Exercise details = The goal is a clean copy of all the data below, with pictures dropped and everything else retyped exactly.

Data extracts =

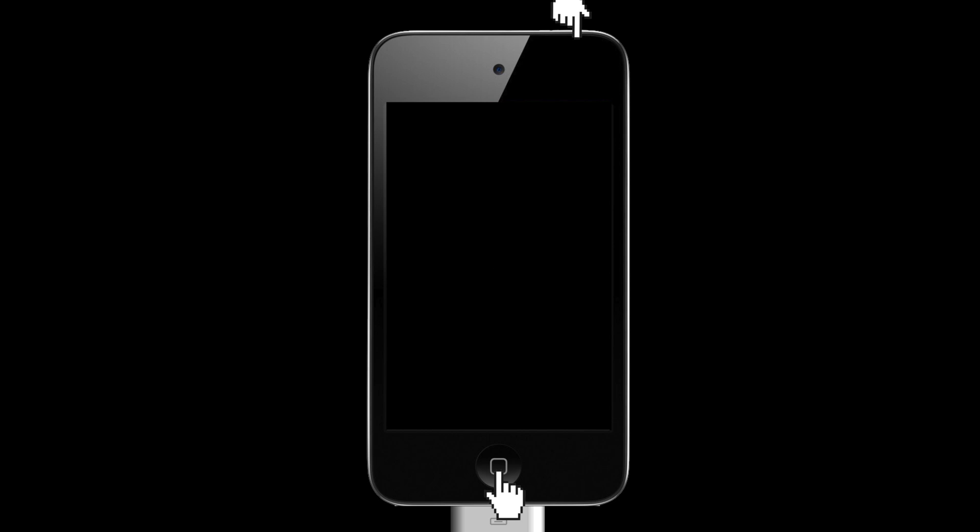As soon as the screen turns dark, release the Sleep button but keep the Home button held down even after the Apple logo appears.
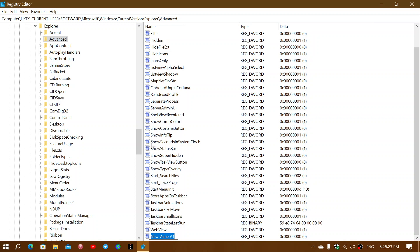Remember that the first letter of each word is in uppercase. So Show with the S in uppercase, Seconds with the S in uppercase, In with the I in uppercase, System S in uppercase, Clock C in uppercase.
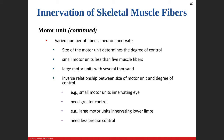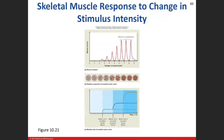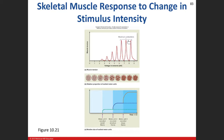This graph shows recruitment: as we increase voltage, muscle tension increases, and we're recruiting more red muscle fibers in the cross-section. We start with a few fibers at low voltage, increase voltage and recruit more, until eventually all are recruited and we've plateaued — increasing voltage further doesn't matter, we can't recruit anything more.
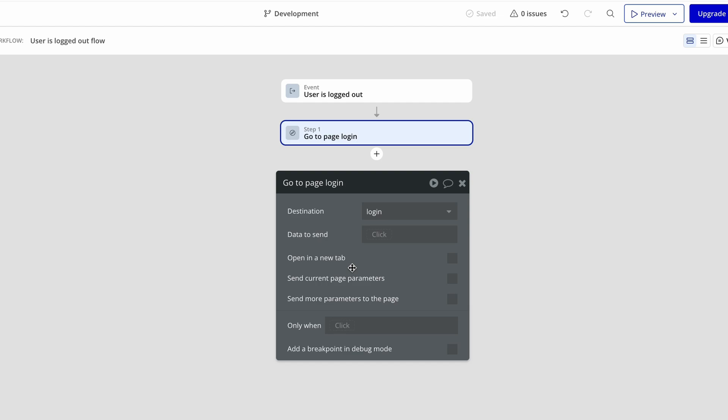So go ahead, go to all of your pages that should be protected and make sure that you at least have one event created, such as this one.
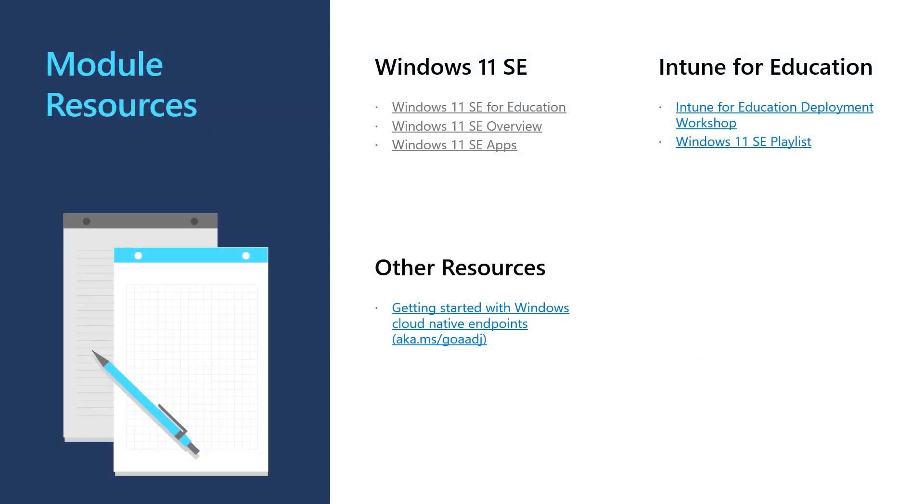In the video description, you will find links to our Windows 11 SE overview site where you can find a catalogue of Windows 11 SE devices including Microsoft's very own Surface SE. There are also links to the Windows 11 SE Apps page, the Intune for Education Deployment Workshop and our really useful Getting Started with Cloud Native Windows Endpoints Guide. Thank you.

Exercise solution =
As soon as the screen turns dark, release the Sleep button but keep the Home button held down even after the Apple logo appears.
Remember that the first letter of each word is in uppercase. So Show with the S in uppercase, Seconds with the S in uppercase, In with the I in uppercase, System S in uppercase, Clock C in uppercase.
This graph shows recruitment: as we increase voltage, muscle tension increases, and we're recruiting more red muscle fibers in the cross-section. We start with a few fibers at low voltage, increase voltage and recruit more, until eventually all are recruited and we've plateaued — increasing voltage further doesn't matter, we can't recruit anything more.
So go ahead, go to all of your pages that should be protected and make sure that you at least have one event created, such as this one.
In the video description, you will find links to our Windows 11 SE overview site where you can find a catalogue of Windows 11 SE devices including Microsoft's very own Surface SE. There are also links to the Windows 11 SE Apps page, the Intune for Education Deployment Workshop and our really useful Getting Started with Cloud Native Windows Endpoints Guide. Thank you.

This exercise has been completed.